On Feb. 8 the Seattle Seahawks defeated the New England Patriots during Super Bowl 60. As millions tuned in to watch the game, they were presented with a strange advertisement from the home security company, Ring. At first glance, it seemed wholesome, but it carried an unsettling undertone. The commercial was intended to introduce an artificial intelligence “search party” feature that would have utilized Ring devices to track down lost pets. The advertisement’s heartwarming story of finding a lost dog, however, couldn’t distract viewers from questioning how easily this feature could monitor their every move.
At its core, the commercial showcased an algorithm designed to watch, record, and analyze people’s movements without their consent, all framed under the guise of public and community service. While the Ring company has since cancelled the release of the feature, AI-driven surveillance technologies, especially when embedded in consumer devices, pose serious threats to privacy.
Developers usually design these systems with good intentions: improve neighborhood safety, optimize our travel, increase our productivity, tailor recommendations, and enhance medical diagnoses. Yet they are underpinned by mass data collection and automated analysis, and they are deployed to conduct techniques such as facial recognition and predictive behavioral analysis. Even if a feature like “search party” was designed to help find a lost pet, it inadvertently introduced a system that could scour footage from multiple homes without clear boundaries that decided who could see it, how long this data is stored or how this footage might be repurposed and weaponized.
The most well-known example of such data collection was the Patriot Act, which was signed into law in 2001. This allowed the NSA to collect the telephone metadata of domestic citizens after September 11th, 2001. The clause that allowed the bulk collection of telephone metadata was only put to end in 2015. However, the Patriot Act as a whole has yet to be fully repealed, with a bill having been introduced to do so in 2025.
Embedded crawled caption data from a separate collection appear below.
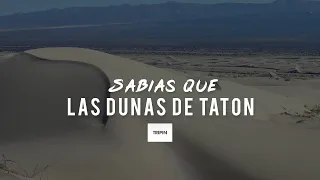 Sabías que las Dunas de Tatón en Catamarca son las más altas del mundo ? by Tripin Argentina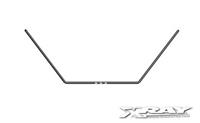 T4 ANTI-ROLL BAR FRONT 1.3 MM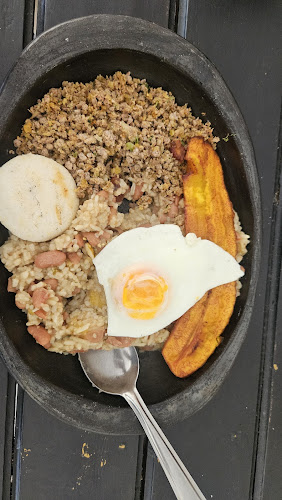 Consulado Antioqueño - Restaurante en Barrancabermeja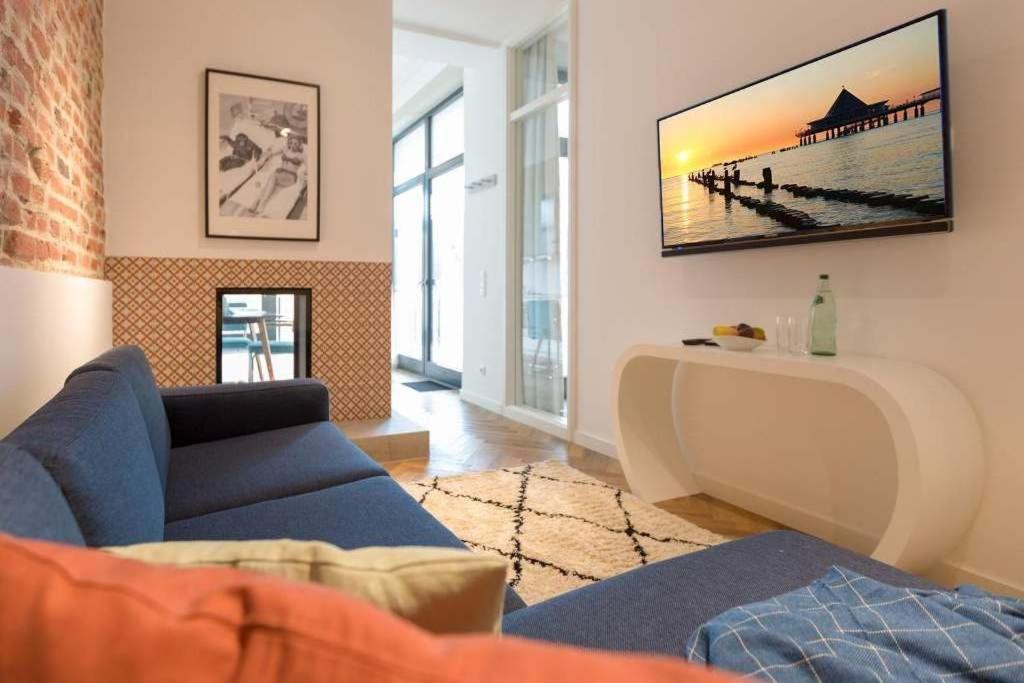Villa Bellevue App 05 Χέρινγκσντορφ Εξωτερικό φωτογραφία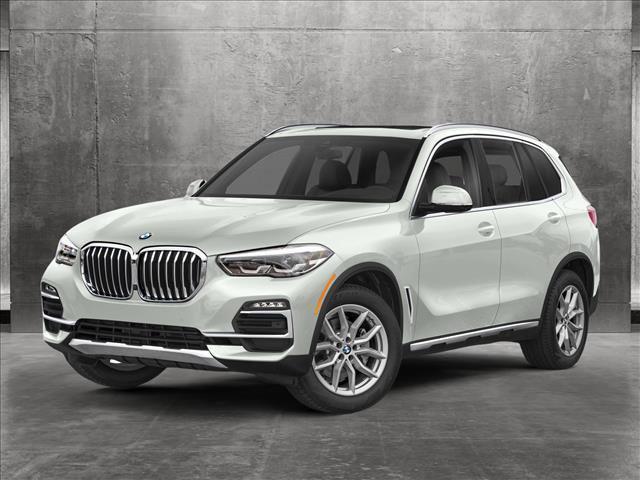 used 2022 BMW X5 car, priced at $41,497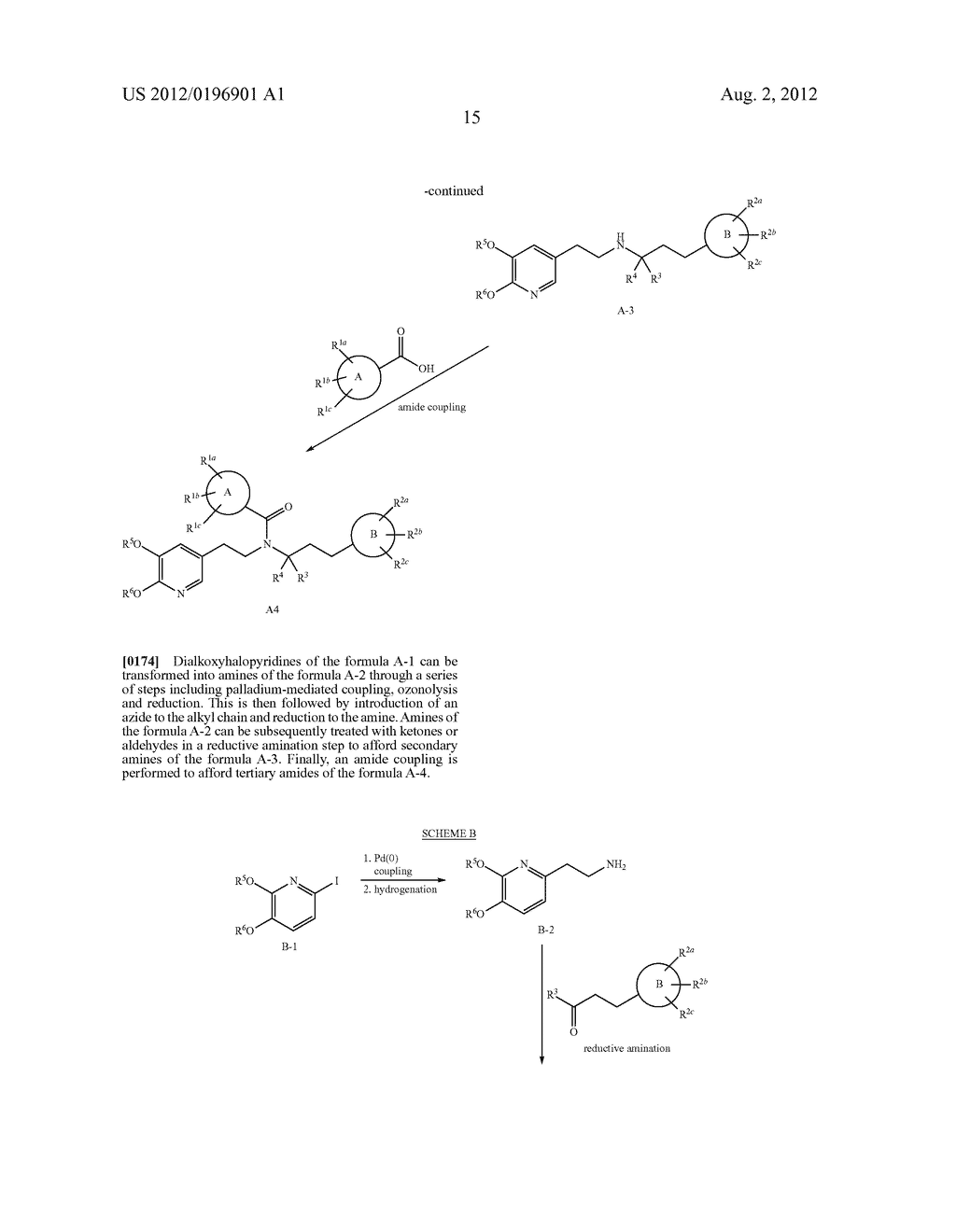 TERTIARY AMIDE OREXIN RECEPTOR ANTAGONISTS - diagram, schematic, and image 16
In 2023, the Federal Trade Commission sued Amazon, Ring’s parent company, for privacy violations, alleging that the company failed to adequately protect users’ video data. They found that Ring allowed employees and contractors overly broad access to private camera footage, enabling workers to view and download recordings from inside customers’ homes. Amazon agreed to settle, paying $5.6 million and implementing additional safeguards, including limiting employee access to footage and deleting data and algorithms from improperly accessed footage. Amazon was also ordered to pay $25 million in a separate settlement over privacy violations involving its Alexa devices and the retention of children’s voice recordings and location data. Amazon assured parents they could control and delete the storage of voice recordings or location data, yet the company failed to comply with parents’ requests, and kept children’s data to train Alexa’s algorithm.
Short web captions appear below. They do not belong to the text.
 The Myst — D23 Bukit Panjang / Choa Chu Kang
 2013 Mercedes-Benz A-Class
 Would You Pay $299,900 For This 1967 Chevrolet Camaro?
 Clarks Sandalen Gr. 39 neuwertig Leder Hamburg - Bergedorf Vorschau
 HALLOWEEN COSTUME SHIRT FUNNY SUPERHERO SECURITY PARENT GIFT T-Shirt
According to the Pew Research Center, in 2023, 71% of Americans said they are concerned about how the government uses the data it collects. In 2019, 62% of Americans believed it was impossible to go through daily life without having companies or the government collect their data. Constant monitoring changes what privacy means. Once, it was about controlling who had access to your personal information. Today, most services we use collect explicit details about our habits, preferences, and daily routines. For example, 78% of Americans do not fully understand how the government handles personal data, and 59% feel the same way about corporate-collected data. Most people have no practical way of knowing which data is being collected, how it is analyzed, or how algorithmic decisions might affect their lives. Yet algorithms and their outputs are employed to make decisions with real-world consequences that affect people’s livelihoods.
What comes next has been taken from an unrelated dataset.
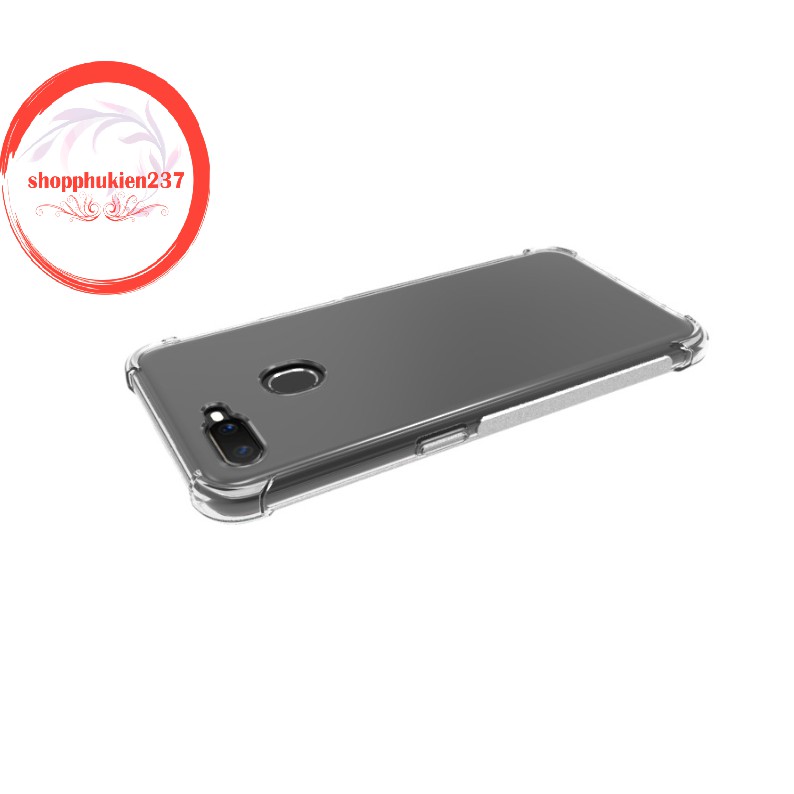[Freeship toàn quốc từ 50k] Ốp Lưng Oppo A5s , A7 , A3s , Realme C1 Ốp Dẻo Trong Suốt Chống Sốc 4 Góc Cao Cấp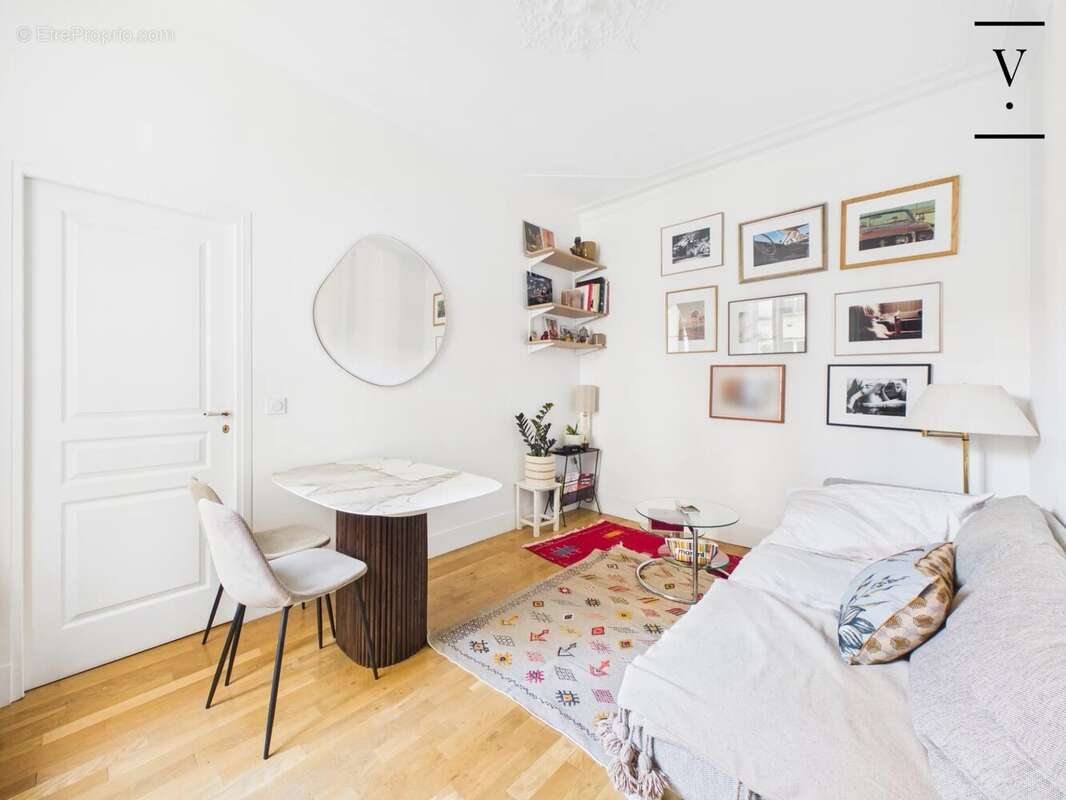 Appartement à PARIS-11E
The danger lies in the invisibility and normalization of these systems; everyone interacts with AI-driven tools or algorithms daily without understanding that their behavior is being monitored and analyzed. Continued acceptance of this technology without any understanding of how it functions erodes fundamental concepts of privacy and autonomy. As a result, it makes it easier for both corporations and governments to extend their reach. If we, as citizens, cannot question or challenge the systems that shape our opportunities and lives every day, then the possibility of ever holding these systems accountable becomes nearly impossible.